The Wire tiene una virtud especial: expone sin tapujos y sin juicios morales las conexiones entre la presunta legalidad y el mundo del crimen, hasta llegar a ese punto en el que, más que encontrarse, se retroalimentan, se confunden y se mimetizan.

Hace unas semanas, un conocido búlgaro me dijo que no soportaba Los hombres pacos (sic). Se quejaba el hombre de las series españolas, de sus guiones pésimos, de sus sobreactuaciones hasta la náusea y también de las pocas ambiciones por crear productos audiovisuales dignos de ser consumidos por un público internacional. Me dijo que las series de su país son igual de malas, pero que el caso español es más grave, porque no se aprovecha la ventaja del idioma español para abrir mercados.

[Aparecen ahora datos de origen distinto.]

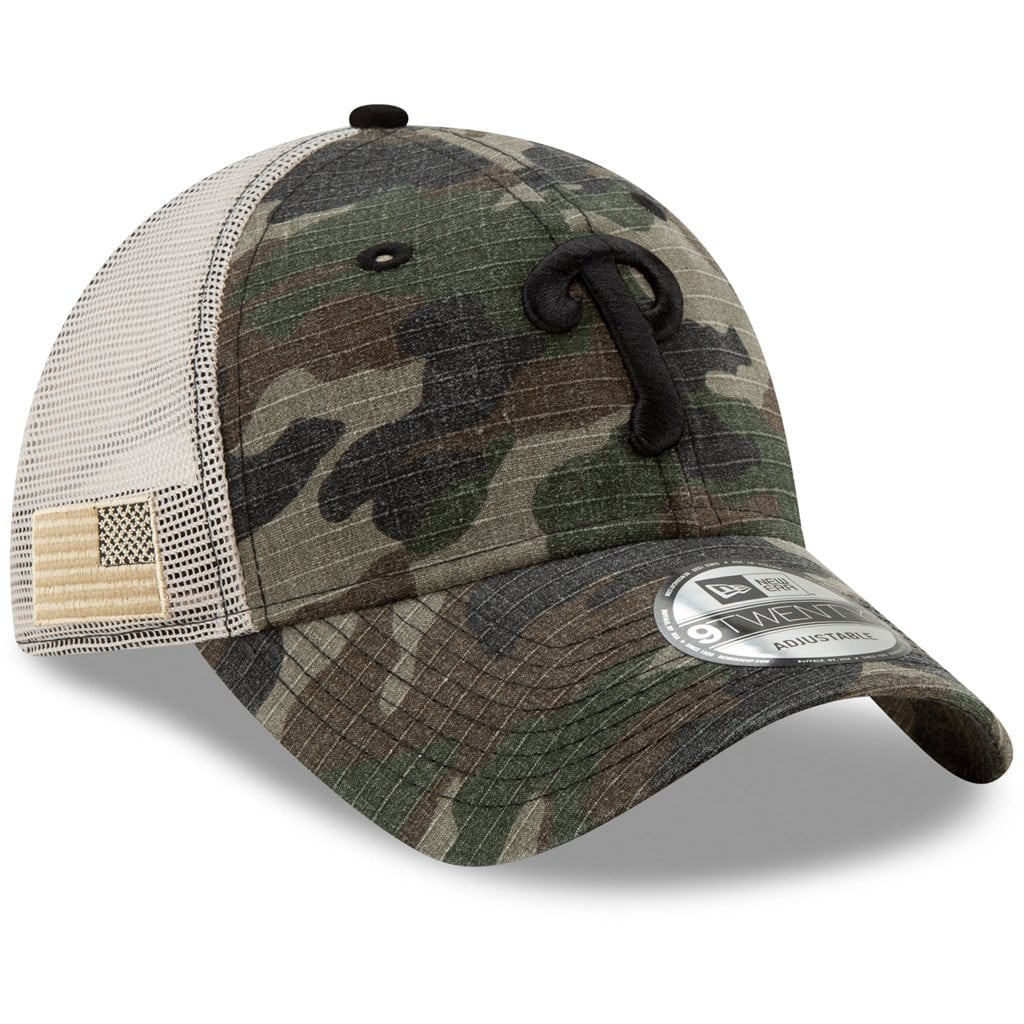 New Era 9Twenty Post Grad Phillies CapEra Base Cap Strapback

A estas alturas de la serie, esperar que algún producto audiovisual español aspire a estimular el intelecto de la audiencia es como soñar con la jubilación de Manuel Fraga. Por eso, como sucede con nuestra colonia desde hace al menos dos siglos, para respirar es necesario embarcarse o que lo embarquen a uno. En este caso, rumbo a Baltimore City, Maryland, en la federación obamita. Lejos de los hombres pacos, un genio llamado David Simon creó en 2002 The Wire. La serie consta de cinco temporadas, con doce episodios cada una. Se trata de una obra maestra absoluta de la televisión. El guión está elaborado a partir de testimonios de profesionales del periodismo, la política, el crimen y la policía de Baltimore. Las actuaciones son asombrosas y la complejidad de los protagonistas, muchos de ellos afroamericanos, rompe el tradicional simplismo de los personajes al que nos tenían mal acostumbrados. Todo en The Wire es impresionante: la música, los diálogos, los silencios, la trama.

Pero The Wire tiene una virtud especial, obviamente no buscada por Simon ad hoc para nuestra olvidada colonia, que la hace muy valiosa para la audiencia española: expone sin tapujos y sin juicios morales las conexiones entre la presunta legalidad y el mundo del crimen, hasta llegar a ese punto en el que, más que encontrarse, se retroalimentan, se confunden y se mimetizan. Sí, la mejor ficción es la que no existe.

Sesenta horas garantizadas de estímulo intelectual y de ansiedad enfermiza por conocer las evoluciones de esa España con acento gringo. Eso sí, juicio sumarísimo y fusilamiento al amanecer a quien no la vea en versión original subtitulada.